Last year Rupert Murdoch reversed himself and decided not to make the online version of the Wall Street Journal free. That looks like a good call: WSJ.com has been posting huge growth this year, even as it has kept its pay wall up.
But as we noted earlier this spring, that growth might be a mixed blessing: Because the WSJ is getting many of its new readers “through the side door” — referred by other sites — they are less likely than the Journal’s core audience to stick around and read more stories.
That would explain today’s news, which is that while unique visitors have continued to increase for the Journal this spring, those visitors are reading fewer stories than they have in the past.
The WSJ told Mediaweek WSJ.com reached 16.2 million unique visitors in June, a 94% increase from last year. Page views were up 45% to 150 million.
Impressive, but not quite as impressive as earlier this year, when the Journal trotted out March numbers for Portfolio. In March, WSJ.com saw 15 million unique visitors, a 175% y/y increase, and page views were 165 million, a 75% increase from 2007.
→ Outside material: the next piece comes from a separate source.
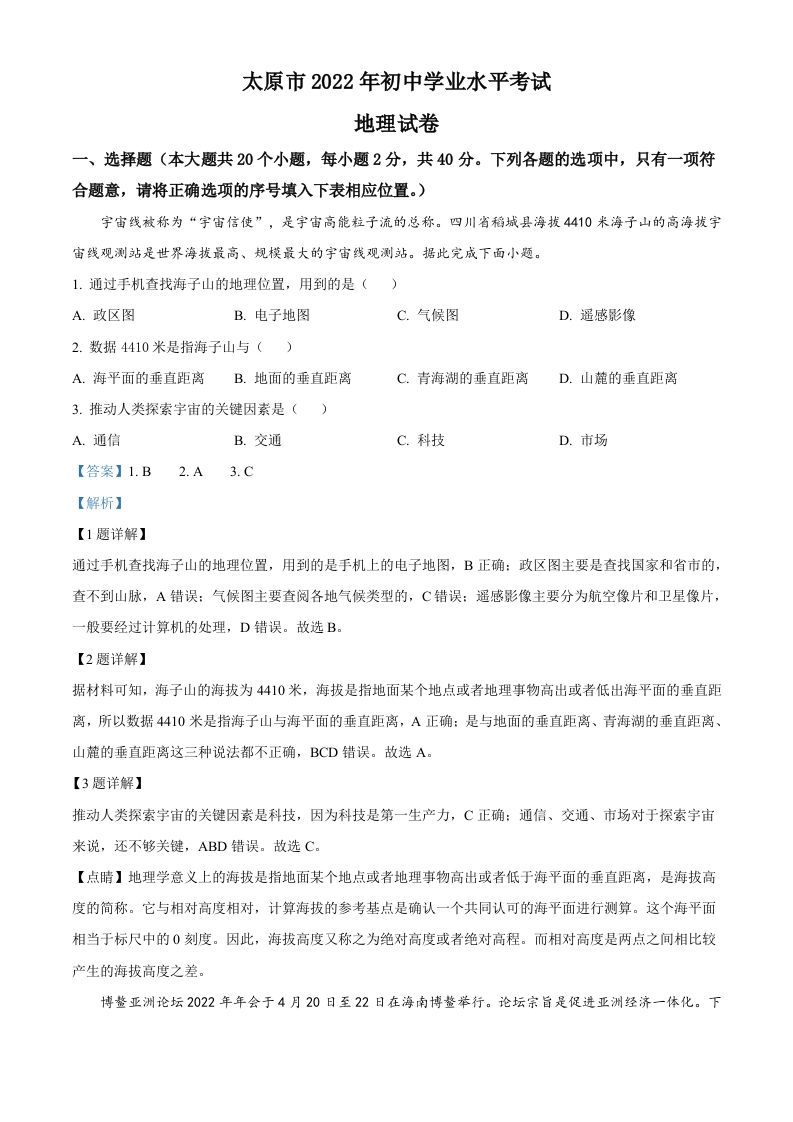 2022年山西省太原市中考地理真题（含答案）_练习题|试卷|知识点|复习提纲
That means not only is growth slowing, but monthly page views took a 9% drop from March. We sort of saw this coming:
Much more likely is that WSJ.com is getting its links in front of lots of new readers, something that Murray alludes to here: “We’ve gotten much smarter about search engine optimization, and much smarter about working with portals and aggregators.” That also explains why uniques are growing much faster than page views — if someone gets guided to WSJ.com by, say, Digg or Google News (GOOG), they’re much less likely to read additional stories than a WSJ subscriber would.
The sceptical way to look at the growth, then, is to point out that WSJ.com’s select, high value audience is getting diluted as it grows, which will eventually bring down CPMs for the site.
Again, this isn’t a terrible thing: Most publishers, online or off, would be happy to post triple-digit year-over-year increases in their readership. And even if that shaves the Journals’ ad rates down a bit, Rupe should still come out ahead in the end. But do keep an eye on that Digg-bait.